En passant par ici, il faut que je vous raconte une anecdote. J’ai un souvenir très précis d’avoir entendu pour la toute première fois une chanson de Samuele en roulant dans ce rang. Dès les premiers accords, j’ai monté le son. C’est quoi ça? Un rock stoner bien tassé avec du texte et de la texture. Du solide. J’ai appris beaucoup plus tard, pour la petite histoire, que cette fougueuse auteure-compositeure-interprète est la fille de Gaston Mandeville, celui-là même qui a composé le classique Le vieux dans le-bas-du-fleuve. Vous croyez au hasard vous? Pas moi. Allez, écoutez-moi ça!

Du côté de la 132, entre Kamouraska et Saint-André, vous serez naturellement attirés par le fleuve et les battures. Ne manquez pas de faire un arrêt au bout de la route de la Grave pour aller prendre un bol d’air bien salin. En chemin, aussi, faites un arrêt à la boutique Les jardins de la mer où on propose une sélection de plantes salines des battures et d’algues qu’on peut sans aucun doute considérer comme le goût signature du terroir de la région. C’est toutefois beaucoup plus qu’un simple commerce d’alimentation qu’on trouve ici. Les artisans et cueilleurs qui mettent en valeur ces fines saveurs encore trop méconnues offrent un travail d’interprétation et de sensibilisation aux milieux côtiers où poussent ces plantes qu’on doit récolter avec sagesse. Quoi qu’il en soit, vous trouverez là de quoi épicer vos côtelettes d’agneau.

Toujours en continuant vers Saint-André sur la 132 vous devrez impérativement visiter la microbrasserie Tête d’allumette. Non seulement les bières sont délicieuses, mais le lieu lui-même est enivrant, avec ce qui est peut-être la plus belle terrasse non pas du Québec, mais du monde entier. N’ayons pas peur des mots! Arrangez-vous donc pour arriver à l’heure de l’apéro, question de vous payer un coucher de soleil, une autre spécialité de la région. Cela dit, l’endroit est fort couru et parfois un peu bondé. Sachez que vous pouvez aussi prendre des cruchons à emporter au petit comptoir sur le balcon. Arrêt obligatoire pour quiconque aime les bonnes bières.
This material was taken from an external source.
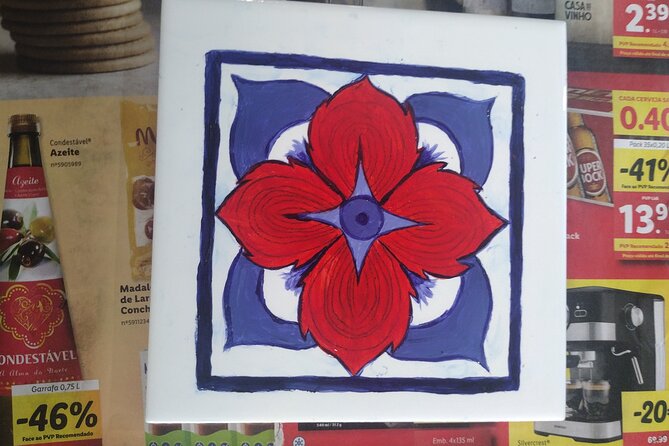 Azulejos Tile Painting Workshop in Porto - Porto’s Azulejos Tile Painting Workshop: An Artistic Journey into Portugal’s Iconic Art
Dernier village à l’extrémité est de la région, Saint-André semble enveloppé dans un calme inébranlable où les magnifiques bâtiments patrimoniaux cohabitent avec les battures. Si la voisine Kamouraska est parfois un peu bondée, ici on respire. Sur la rue principale, les résidences d’époque côtoient la plus ancienne église du Bas-Saint-Laurent et cette belle vieille école qui abrite désormais la Maison culturelle Armand-Vaillancourt. Dans la cour qui donne sur la rue, une pancarte indique «accès au fleuve», comme une invitation à ne pas se gêner pour aller marcher au bord de l’eau. À mon avis, c’est par ici que les battures sont les plus belles. On peut aussi accéder aux berges par le parc de l’Ancien-Quai au coeur du village.
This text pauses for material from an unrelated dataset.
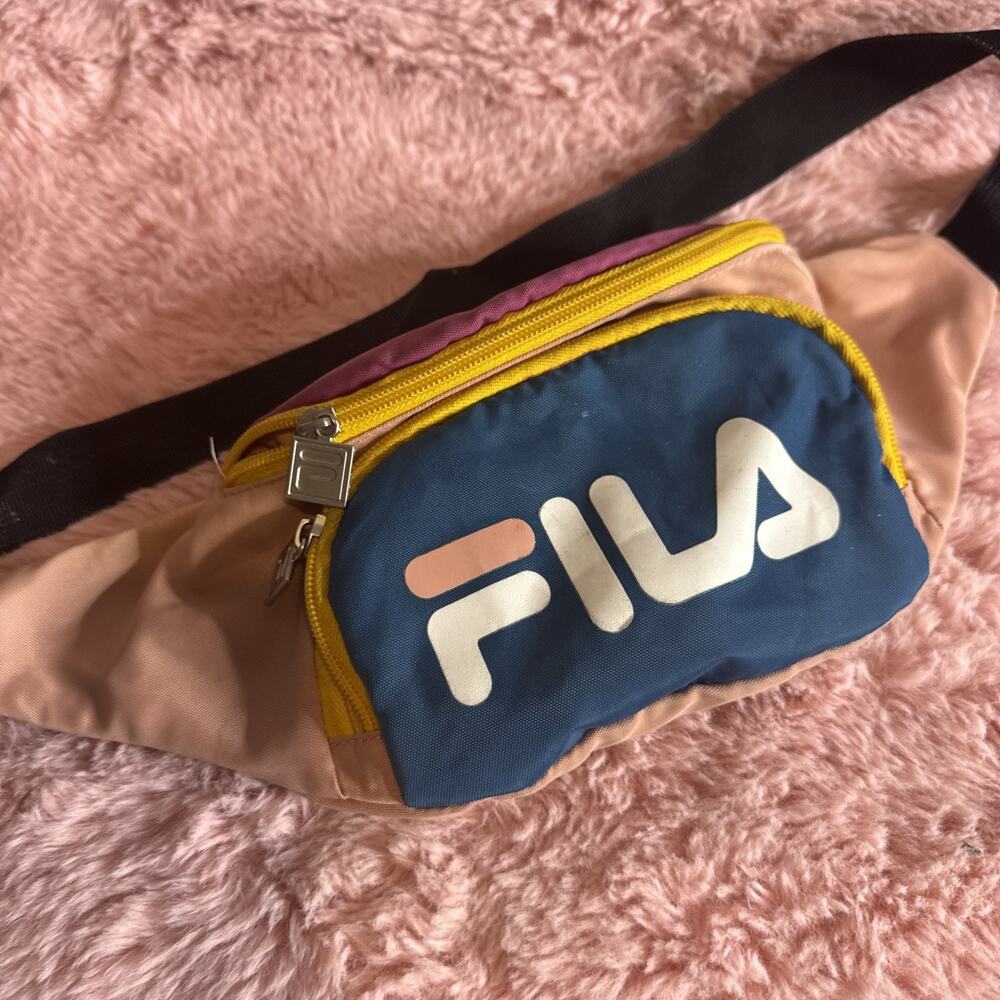 fila fanny pack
Au large, l’archipel des Pèlerins et l’Île-aux-lièvres, où on cueille le fameux duvet de l’eider, vous appelleront peut-être à prendre le large. On peut en effet les visiter et y séjourner. Pour en savoir plus sur l’histoire de ces îles et de ce luxueux duvet, je vous invite vivement à écouter cette rencontre avec le biologiste Jean Bédard, un des fondateurs de Duvetnor, et la journaliste Isabelle Craig à l’émission Pas banale, la vie à Radio-Canada. Un récit passionnant que vous pourrez écouter en continuant votre route. L’archipel des Pèlerins a aussi inspiré Andrée Deschènes et Anne Fortin qui, quelques kilomètres plus à l’est sur la 132, entretiennent avec soin les Jardins des Pèlerins où poussent des fruits et légumes bio. Leur sel du pèlerin, fabriqué grâce à une recette dont elles conservent le secret, devrait sans aucun doute se mériter une bonne place dans votre collection de saveurs à rapporter à la maison.

Pour la suite de votre périple, vous l’aurez sans doute deviné, l’air salin et le vent du large dans la lumière d’automne vous donneront envie de flâner de longues heures sur les battures. Une invitation à ne rien faire qu’il ne faut surtout pas refuser! Chose certaine, vous ne voudrez plus repartir.